An acceptable answer repeats exactly the line containing "สัตว์เลี้ยง โคมไฟทําความร้อนรังสี ยูวีเอ+ยูวีบี" and all lines that follow it in the listing below, and it includes no pictures.

== == ==

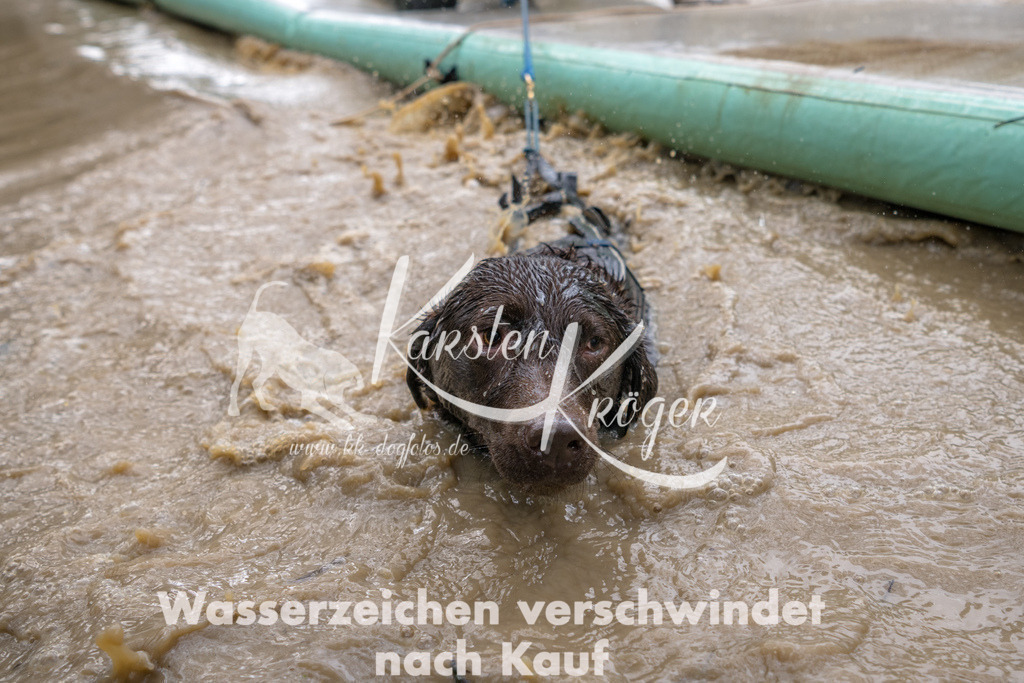 1307_ZZ94437 | kk-dogfotos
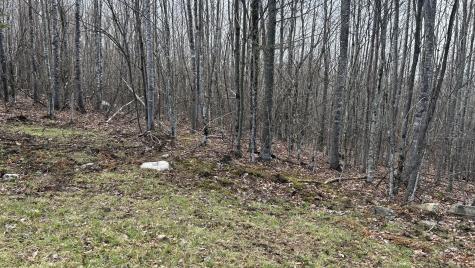 000 James Jipson Road Lowell ME 04493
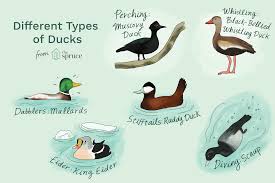 12 Different Types Of Ducks With Examples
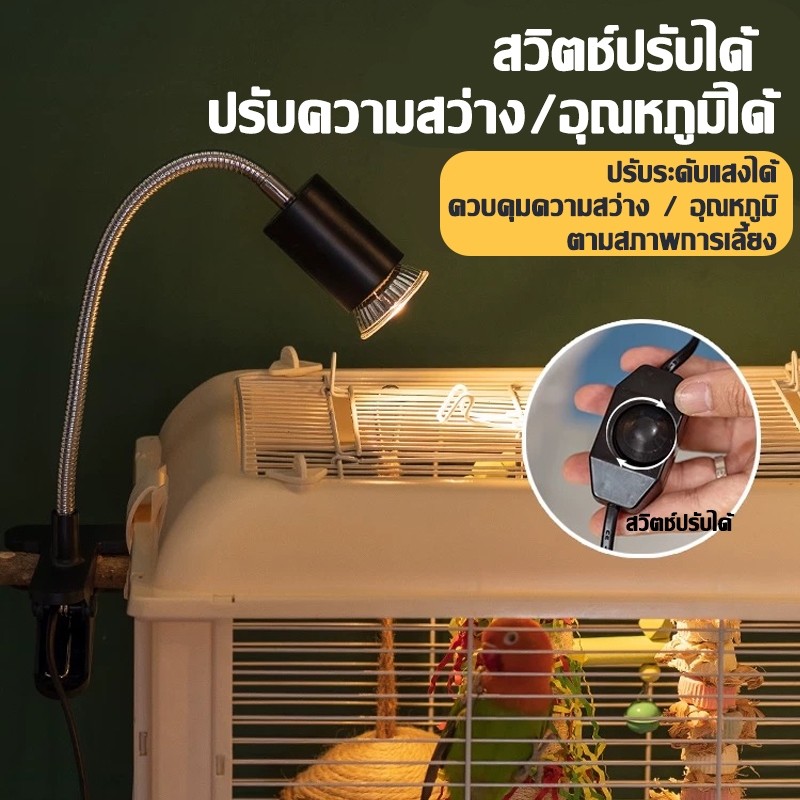สัตว์เลี้ยง โคมไฟทําความร้อนรังสี ยูวีเอ+ยูวีบี ทุ่มเทเหมาะสําหรับนก เต่า และสัตว์เลื้อยคลาน ใช้ขั้วหลอดเซรามิก จ27 สามารถจัดส่งได้ทันทีในไทย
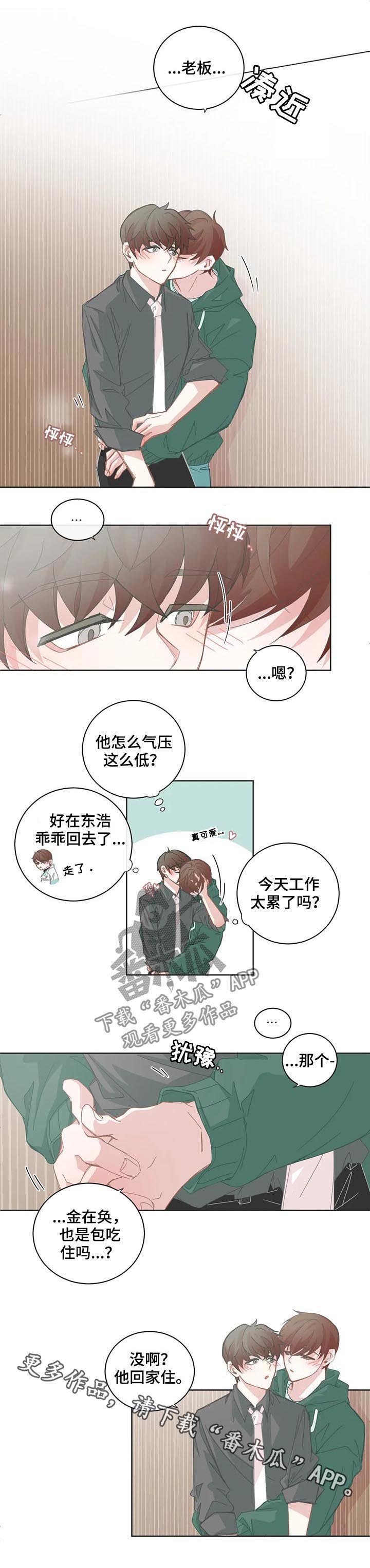 第81章：打击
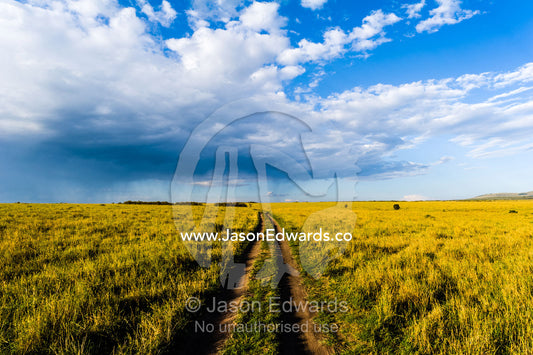 A set of 4wd vehicle tracks disappear across a savannah plain towards the horizon at sunset. Maasai Mara National Reserve, Narok County, Kenya.
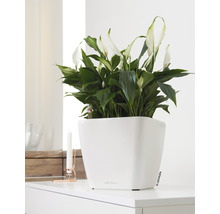 Einzimmerpflanze Spathiphyllum im weißen Topf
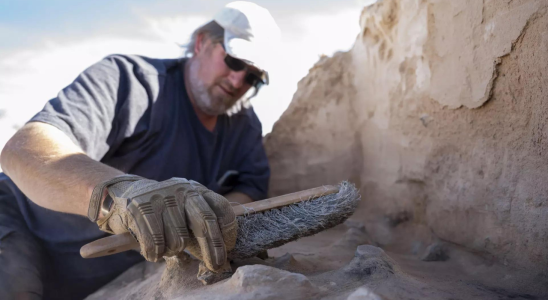 Ueber 8000 Jahre alt US Luftwaffe entdeckt alten Campingplatz in New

== == ==

→ **SOLUTION FOR THIS EXERCISE**:
สัตว์เลี้ยง โคมไฟทําความร้อนรังสี ยูวีเอ+ยูวีบี ทุ่มเทเหมาะสําหรับนก เต่า และสัตว์เลื้อยคลาน ใช้ขั้วหลอดเซรามิก จ27 สามารถจัดส่งได้ทันทีในไทย
 第81章：打击
 A set of 4wd vehicle tracks disappear across a savannah plain towards the horizon at sunset. Maasai Mara National Reserve, Narok County, Kenya.
 Einzimmerpflanze Spathiphyllum im weißen Topf
 Ueber 8000 Jahre alt US Luftwaffe entdeckt alten Campingplatz in New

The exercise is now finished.